The Ellen Degeneres Show, which has been running for 16 seasons, is starting to feel restrictive to her.
“The talk show is me, but I’m also playing a character of a talk-show host,” Ellen said. “There’s a tiny, tiny bit of difference.”
She has already extended her contract until the summer of 2020, and she sounds conflicted about what to do. She’s not in a rut exactly, but she is stuck doing one type of comedy.
For example, after one of her shows that included a segment with a six-year-old girl singing a duet with her father about love, Ellen said she thought she would say, “That was adorable and … and … and… really, really creepy.”
But that’s not the kind of joke that works on The Ellen Degeneres Show, and she was worried about hurting the kid’s feelings, so she didn’t say it.
Ellen has recently returned to stand-up, where she curses and talks about how her wealth has changed her, things that don’t work in the medium of daytime talk.
Fellow comedian and personal friend Tig Notaro said, “Being trapped in the world of being asked to dance and expected to be nice, it’s real.”
“I’m sure there’s people who think she’s kidding. Or can’t have a bad day. But she does. It’s an interesting pickle she’s in.”

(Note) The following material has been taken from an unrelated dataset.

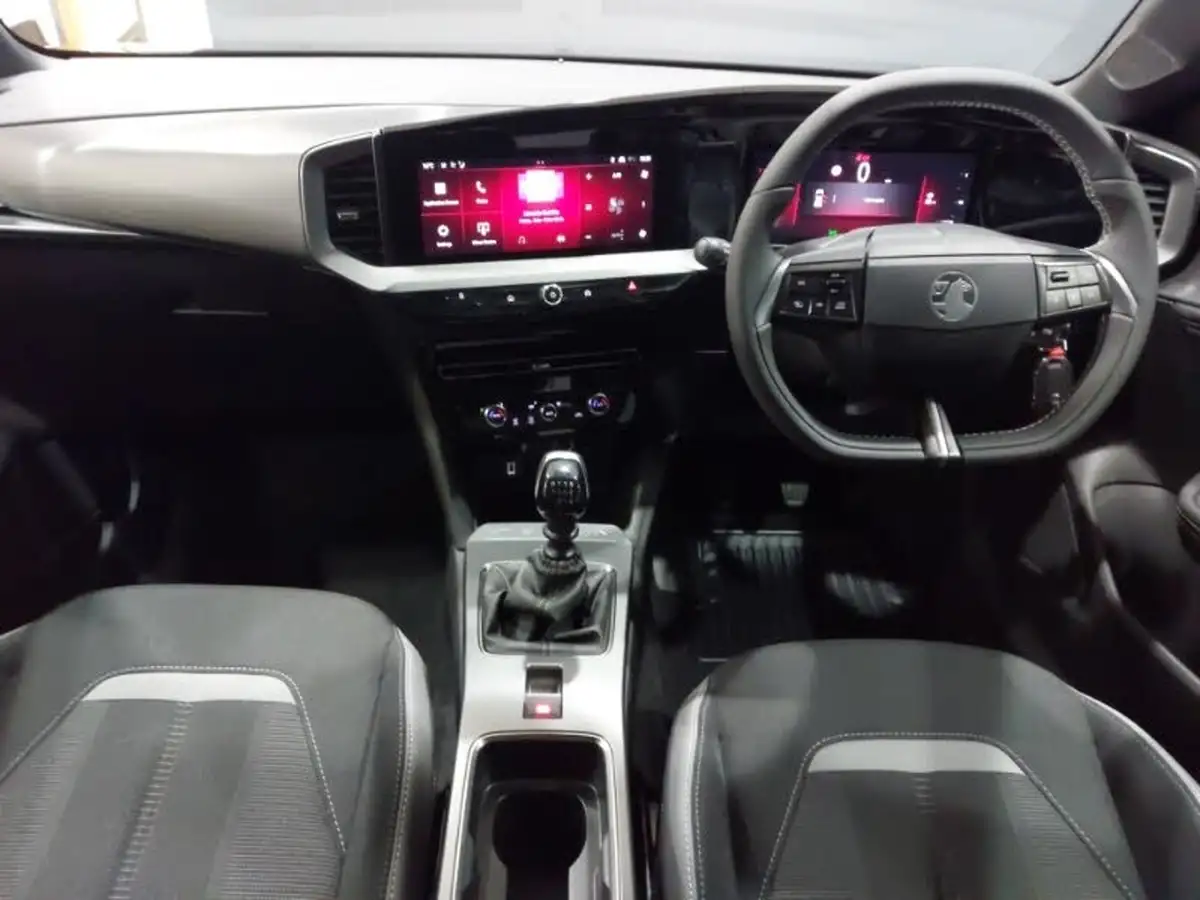 2025-vauxhall-mokka-12-gs-136ps-big-2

Ellen herself said that she’s sick of strangers asking her to dance. “There’s been times someone wants a picture, and while I’m doing a selfie, they’re like: ‘You’re not dancing!’”
“Of course I’m not dancing,” she said. “I’m walking down the street.”
Ellen’s wife Portia de Rossi is encouraging her to end the show.
“I just think she’s such a brilliant actress and stand-up that it doesn’t have to be this talk show for her creativity,” de Rossi said. “There are other things she could tackle.”
“I don’t see the end of her show as her career ending,” she added.
But her brother Vance Degeneres, who is also a comedian, who said that the country needs her positivity right now and is encouraging her to stick with the talk show.
Her return to stand-up will air as a Netflix special entitled Relatable, a comment about how her wealth has made her less so.
“It was interesting to me that I was more relatable when I was closeted and dishonest than when I came out,” she said.
Relatable will be released on December 18.